When the digital services work, the dividend is enormous. When they fail, the failure is not visible from the dashboard in Bishkek. The household simply does not enrol the child that week, or does not get the school certificate by the deadline, or pays a cousin to make the trip on their behalf.

The honest reading is that the digital infrastructure is delivering meaningful value to households in the south of Issyk-Kul oblast already. It is also failing in patterns that the centre does not see, because the centre’s failure-tracking is based on transaction logs, and a transaction that does not get attempted does not generate a log entry.

What this means for the rapid assessment

The Sary-Chelek and Karakol findings are now feeding back into the GovStack scoring. Some metrics in the standard methodology are missing the part of the system where the highest-value transactions are happening — the rural household using a service it would otherwise have to travel half a day to access. Other metrics are over-weighting the urban-Bishkek experience because that is what the user-journey research most commonly samples.

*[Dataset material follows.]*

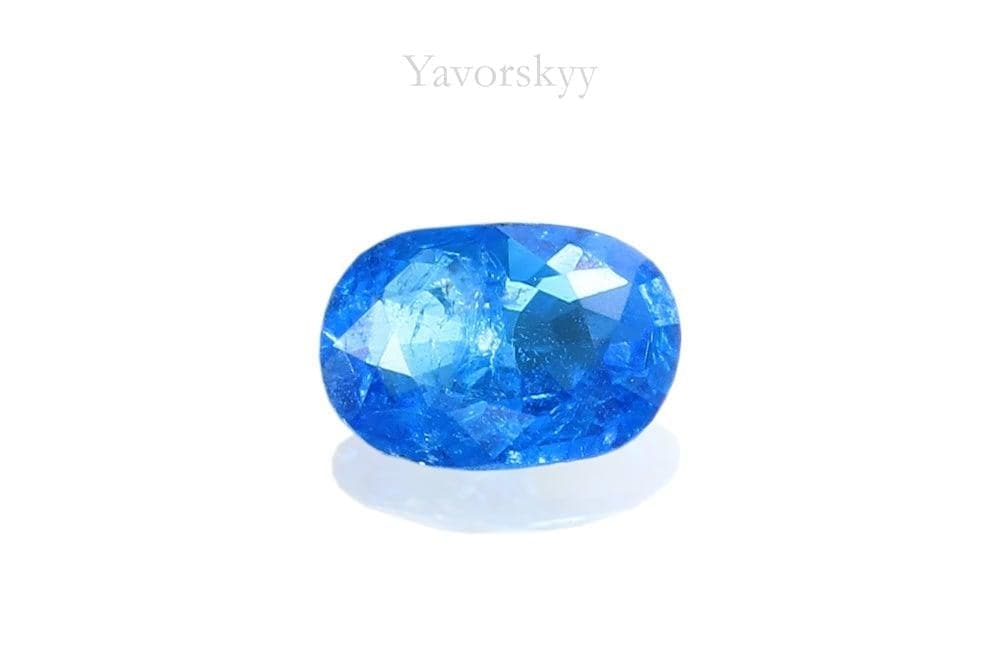 Oval blue spinel 0.09 ct top view photo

The fix is methodological, not technical. We are not proposing new infrastructure on the back of these focus groups. We are proposing a different way of measuring how the existing infrastructure is performing — one that gives appropriate weight to the rural-household experience, where the marginal value of the service is highest.

That is the kind of work that has to happen before “introduce more AI” or “introduce edge computing” is a useful next step. The system that AI rides on top of needs to be measured honestly first, with its actual users sitting in the room.

Where this fits

The Ministry of Education focus-group track is one input. A parallel set of focus groups is being planned for other Ministries — Social Development, Digital Development — to give the full DPI rapid assessment the regional grounding it needs.

The output of this assessment will be a public report that scores the Kyrgyz DPI against a structured rubric and that identifies the foundational blocks where investment, methodological cleanup, or simple maintenance will produce the biggest gains for households. The report will be aimed at the readers who can actually use it: ministerial decision-makers, programme managers, and the donor community that funds digitisation work in Central Asia.